What needs to be done —
A faithful copy of the listing below is needed, one that contains no pictures.

Supplied data —
.....

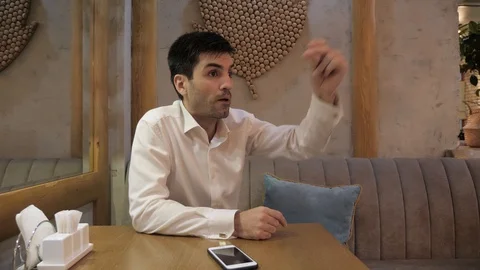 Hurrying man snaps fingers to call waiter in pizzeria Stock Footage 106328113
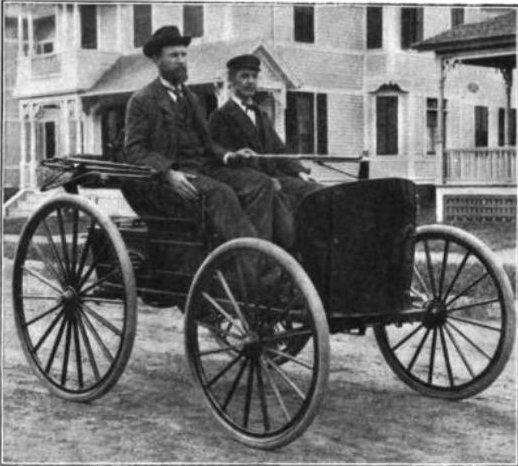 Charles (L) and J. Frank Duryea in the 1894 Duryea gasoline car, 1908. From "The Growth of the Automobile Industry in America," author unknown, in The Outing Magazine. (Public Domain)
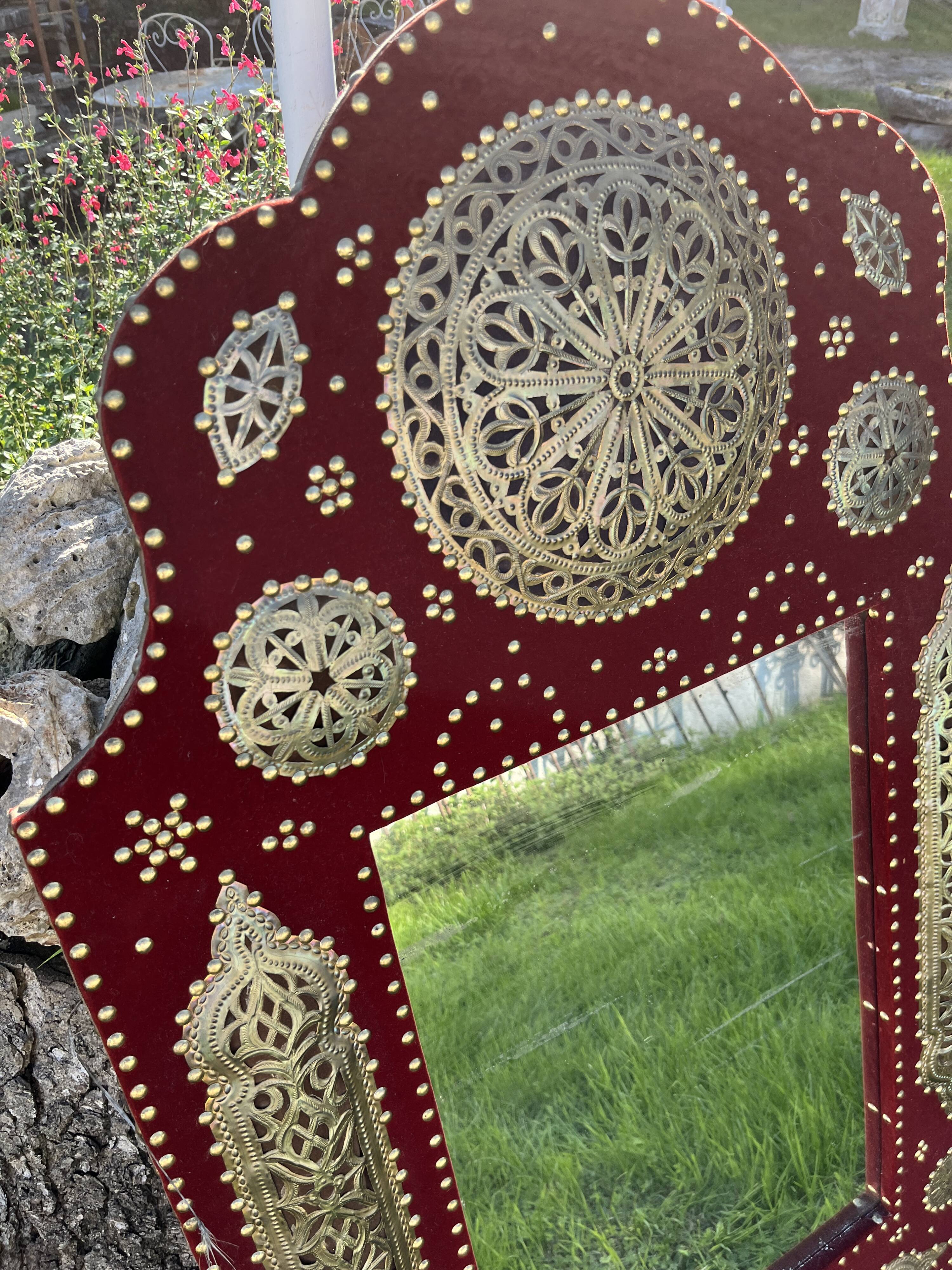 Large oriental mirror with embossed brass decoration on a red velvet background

.....

Solution to this task —
 Hurrying man snaps fingers to call waiter in pizzeria Stock Footage 106328113
 Charles (L) and J. Frank Duryea in the 1894 Duryea gasoline car, 1908. From "The Growth of the Automobile Industry in America," author unknown, in The Outing Magazine. (Public Domain)
 Large oriental mirror with embossed brass decoration on a red velvet background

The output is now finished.